Superman on Radio & Audio
Superman Radio Series - Story Reviews
1947: Drought in FreevilleReviewed by: James Lantz
Original Broadcast Dates: January 21, 1947-February 11, 1947
"Drought in Freeville"
Daily Planet editor Perry White has sent three reporters to Freeville to investigate an unusual twenty-six day period without rain only to find that the men, without explanation, would resign a day after arriving there. Perry wants to send Clark Kent, but Lois Lane convinces him to let her cover the story. A government farming program for war veterans was started in Freeville not long before the drought had begun. Lois had sent some telegrams saying that there is something in the small community for a great newspaper article that will take quite some time to research. Then, strangely enough, Perry receives messages hours later from Lois asking for orders to return to Metropolis.
Clark has taken a wire that head copy boy Beany Martin was about to give to Perry. Someone who had signed it as "A Friend" has suggested that Lois should leave Freeville immediately. Concerned, Clark flies to Freeville as Superman to find out what has happened to the star reporter. Meanwhile, Lois is getting nowhere finding out what has caused the drought. Everyone is being deliberately threatening, evasive and mysterious when she questions them. Worst of all, when Clark arrives in Freeville, nobody knows where Lois is. The people at the local hotel say that she isn't there. She was to speak to the telegraph operator Mister Abner Sikes, but he has not seen her. What has happened to Lois Lane?

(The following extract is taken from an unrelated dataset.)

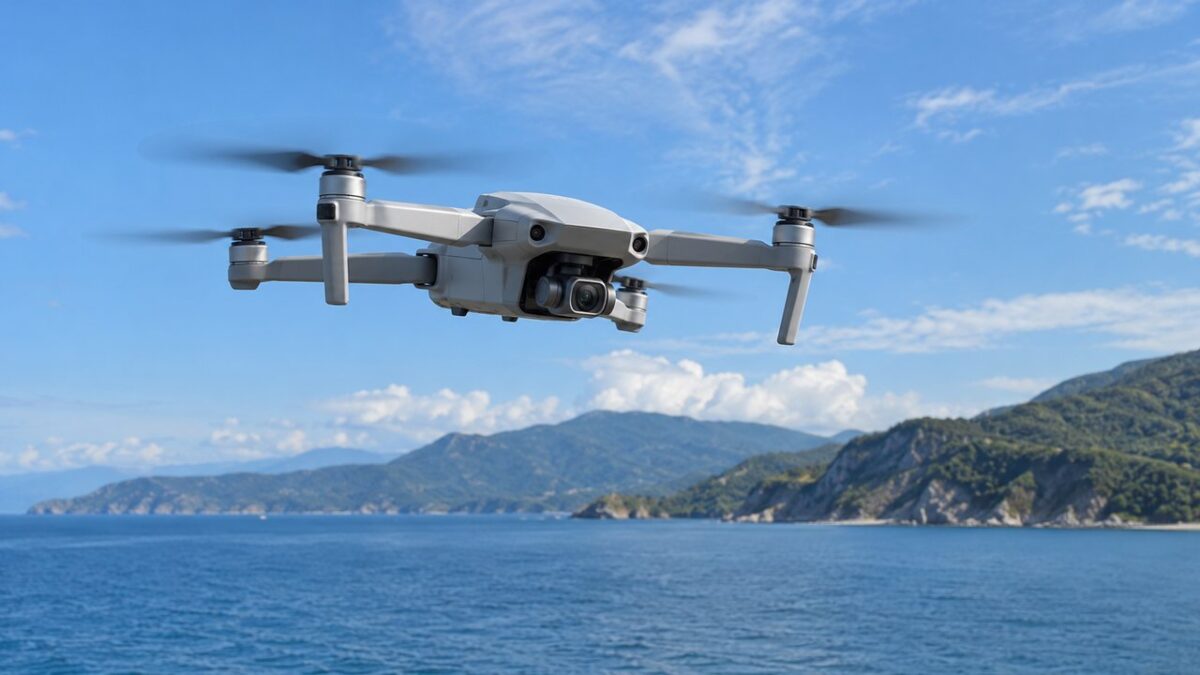 海辺の上空を飛行するグレーの折りたたみ式カメラ付きドローンのイメージ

Sikes is giving Clark double talk that does not answer many of his questions about the Drought in Freeville or Lois' whereabouts. However, the elderly telegraph operator does say that he sent the telegram to Perry that warned him to order Lois to return to Metropolis. He did this because he didn't want her mixed up in whatever is happening. Sikes continues by suggesting that Clark see the Freeville Gazette editor Fred Leonard about Lois. Sikes then mysteriously says that Leonard is more than a newspaper man. Wondering about that, Clark sees Leonard, who asks his reporter Steve Larson where Lois is. Larson says that Lois got onto an eastbound train to Metropolis at 3:45 PM. Knowing that Lois would never give up on a story, Superman checks the train for the star reporter. However, neither his X-ray vision nor his alter ego of Clark Kent see any evidence of Lois being on board the locomotive.

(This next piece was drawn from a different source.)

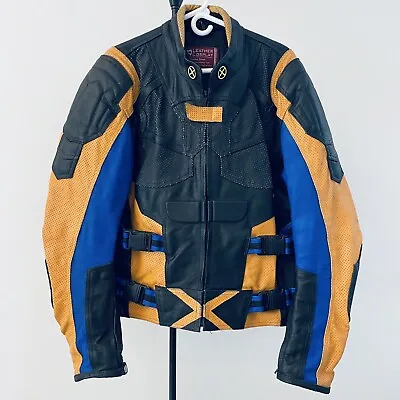 $149.99 • Buy X-Men Yellow & Black & Blue Motorcycle Leather Jacket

Fred Leonard and Steve Larson agree to help Clark find Lois. Leonard confidentially tells Clark that the three reporters turning down the Freeville assignment and Lois' disappearance are connected to former G.I.s from the Veteran Homesteaders Program. Because of the fact that Freeville has not had any rain in nearly a month, many of these soldiers have become hotheaded. Farmers and stores in the village have been robbed by these men. Some people were even beaten. Clark begins to see the problem after some time. Should the Daily Planet write about what is happening, Congress could take steps to take the land away from the war heroes. Is the situation really like this? The only way Clark can find out is to seek answers at the Veteran Homesteaders Program.
Kent and Leonard meet with war veteran and farmer Jerry Barton. Barton, who is the head of the homesteaders, accuses the local politicians of Freeville of religious and racial prejudice. He continues by saying that the G.I.s cannot be forced to vote in the way a man named Ed Clayton wants them to. Tempers flare as Clark seeks answers to the location of Lois Lane. While Leonard waits in the car, Clark changes into Superman and finds no evidence of the star reporter. However, he is still wondering about the events and tension in Freeville. He gets more curious when Abner Sikes gives him a threatening telegram similar to the one Perry had received warning Lois away from the farming village. The mild mannered reporter is about to go to Rawlings, from where the message came, when something shocks both Abner and Clark. Lois is in front of them, and she is about to pass out.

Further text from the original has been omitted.